Das himmlische Feuer und seine möglichen Folgen
Doch wer die nachfolgenden blitzgescheite Regeln beachtet, dem wird auch so schnell kein zorniges „Himmeldonnerwetter" entfahren.
Entfernung des Gewitters
Gewitter werden erst dann gefährlich wenn der Zeitraum zwischen Blitz und Donner weniger als 10 Sekunden beträgt. Wie weit das Gewitterzentrum entfernt ist, lässt sich mit einer einfachen Faustformel ermitteln, in dem man die Sekunden zwischen Blitz und Donner zählt oder mit einer Uhr stoppt. Eine Sekunde entspricht dabei etwa 300 Meter Entfernung.

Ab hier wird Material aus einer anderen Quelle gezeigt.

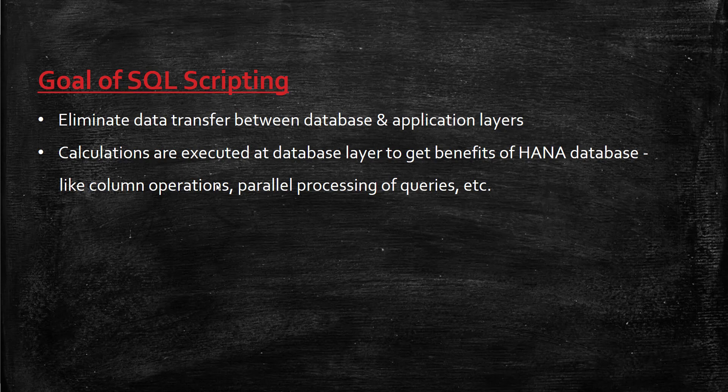Calculations are executed at the database layer to get the benefits of HANA database, like column operations and parallel processing of queries.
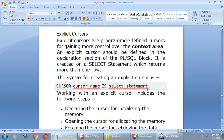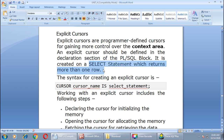Next is explicit cursors. Explicit cursors are programmer-defined cursors for gaining more control over the context area. An explicit cursor should be defined in the declaration section of your PL/SQL block. It is created on a SELECT statement which returns more than one row — that is the key distinction. If you want to handle multiple rows returned by a SELECT statement, use an explicit cursor.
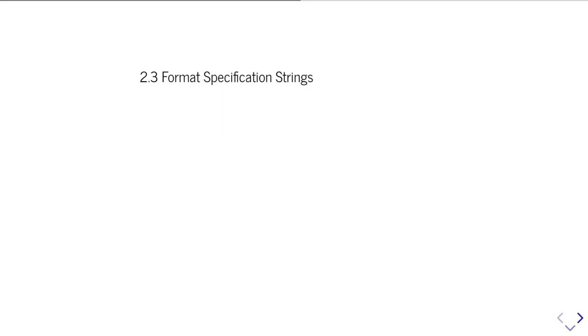So in the third part of this unit, we're going to talk about ways when you're doing string interpolation you could control exactly how that string is being formatted.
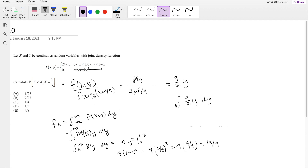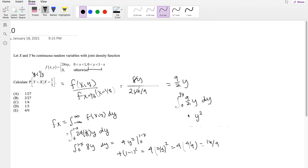Because they're asking for the probability that y is less than x, and x equals one-third, this is equivalent to y less than one-third. Y exists from zero to one-minus-x, so our integral runs from zero to one-third. Integrating (9/2)y gives (9/4)y². Evaluating from zero to one-third: (9/4)·(1/9) = 1/4. So the answer is one-fourth, which is C.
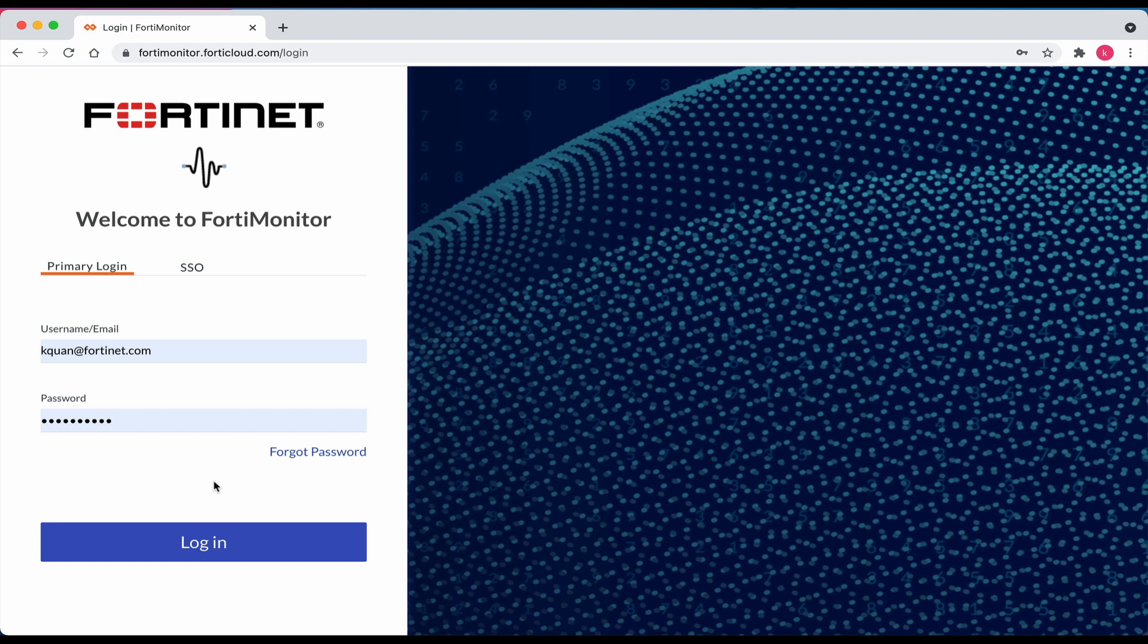Hello and welcome to the FortiMonitor video series. In today's video I will walk through the steps required to add a network device in the on-prem environment that uses SNMP polling from the on-site vCollector. Let's begin.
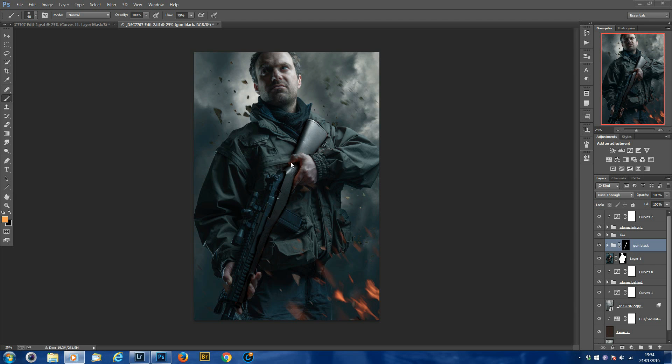So if you were worried about the orange reflection on his hand, you could pretty much get rid of that the same way by using curves. There's various ways you could do it, or an even easier way would be, I'll just show you.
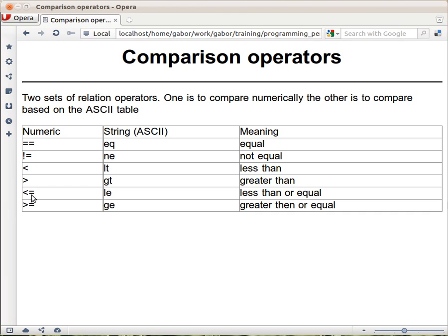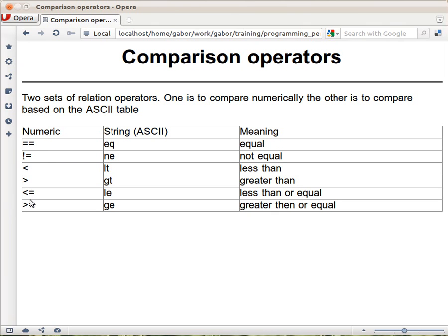One set is for numbers, and one set is for strings. So, let's go over them, and these are the equal part of them. Equal equal checks whether the two sides are the same number. Not equal checks whether they are not the same number, and these are just less than or greater than comparing numbers.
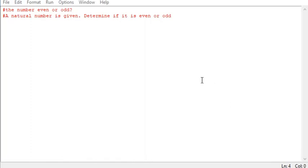We are writing a simple program to determine whether a number is odd or even. So given a natural number, to determine whether a number is odd or even.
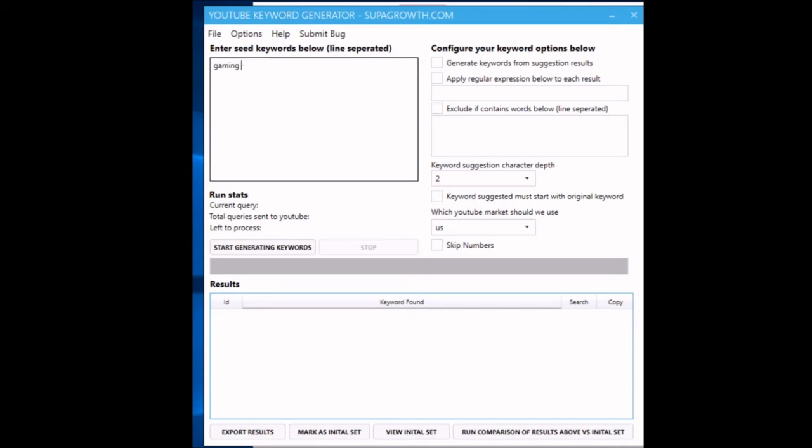Then it'll go 'ba,' 'bb,' 'bc,' 'bd,' etc. That'll take a lot longer, but you'll get a much deeper mine and you'll get some things that you just wouldn't think people would be searching for, and there might be zero competition on some of those longer variants.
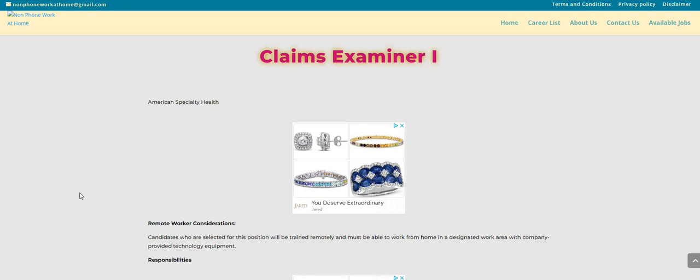Now if you are looking for more non-phone jobs, make sure you hop over here to the NonPhoneWorkAtHome.com blog. Also guys, don't forget about Branded Surveys. The link is down below in the comment section.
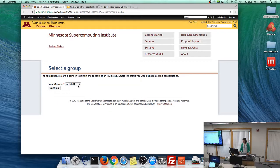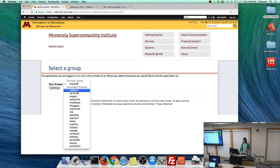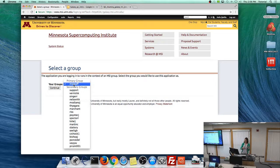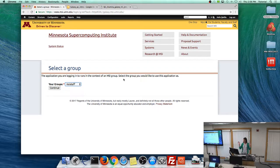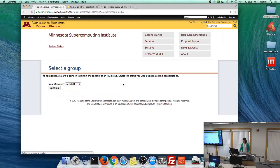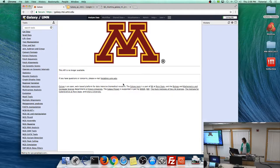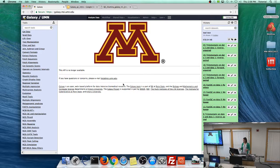If you already have an MSI account, there might be two groups listed — one that says 'tutorial' and one for your normal group. If this is your first time touching MSI systems, you might only be in the tutorial group. Select 'tutorial' if it's an option. Everything will still work; worst case you just have to wait a little while.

Vorsichtsmaßnahmen im Freien
Wie sagt so schön der Volksmund: "vor Eichen sollst du weichen, Buchen sollst du suchen". So jedenfalls behauptet es der Volksmund seit Jahrhunderten, wenn es blitzt und donnert. Doch soll man diesem Volksmund wirklich trauen? Tatsächlich sind an Buchen deutlich weniger Gewitterschäden erkennbarer als an Eichen. Dies habe jedoch nichts damit zu tun, dass Gewitter diese Bäume verschonen würden, räumt die Schutzgemeinschaft Deutscher Wald mit einem
weit verbreiteten Irrtum auf. In Wirklichkeit leitet die glatte Rinde der Buche das Regenwasser und damit auch den Blitz außen am Stamm ab. Die Rinde der häufig stark bemoosten Eichen saugen sich hingegen regelrecht von Wasser und wird aus diesem Grund mit größerer Wucht von Blitzen getroffen und wird aus diesem Grund mit größerer Wucht von Blitzen getroffen.

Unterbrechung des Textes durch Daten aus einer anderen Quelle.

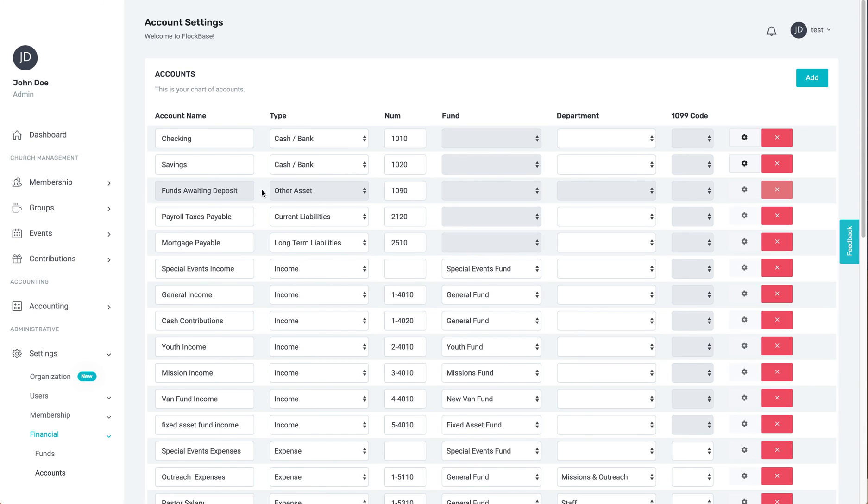That's how you set up and manage your chart of accounts. As always, I hope God continues to bless your ministry. And if you have any questions, we're available to help.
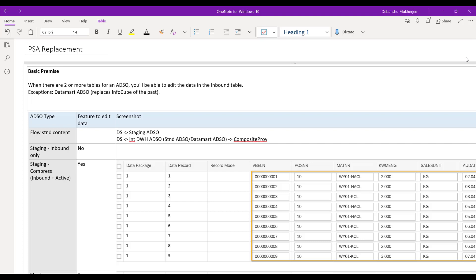So now let's look into the actual workings of the PSA replacement in BW4HANA. Before we go into the actual ADSO types and see which ones have replaced it, let's talk about the basic premise. The basic premise is that whenever there are two or more tables for an ADSO, you will be able to edit the data in the inbound table.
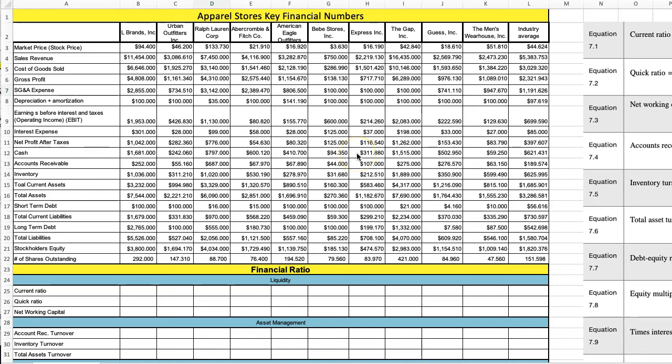Welcome to Chapter 7 Excel for Investments. In this chapter, we're given an industry of apparel stores.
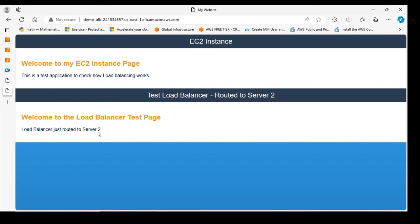Let's verify the load balancer is working before moving to auto scaling group. I'll copy the DNS name, paste it in the browser, and press Enter — great, this is working perfectly! The load balancer routed traffic to server two. Let me refresh — it routed to server one. Refresh again — server two, server one. This is how the load balancer equally distributes traffic to these servers, ensuring no server is overwhelmed.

Blitze sind nicht allzu wählerisch. Wenn man einmal im Freien vom Gewitter überrascht wird, sollte man erhöhte Punkte meiden - und auch selbst keinen darstellen, ob zu Fuß, zu Pferd oder auf dem Fahrrad.
Unter einzelnen Bäumen oder in der Nähe von Masten, auf Brücken oder Hügeln, oder gar im Wasser sollte man sich nicht aufhalten - Blitze fühlen sich geradezu magisch davon angezogen.
Sind also weder Haus noch Auto in der Nähe, ist bei sehr nahem Gewitter die Hockhaltung - Füße zusammen - am sichersten.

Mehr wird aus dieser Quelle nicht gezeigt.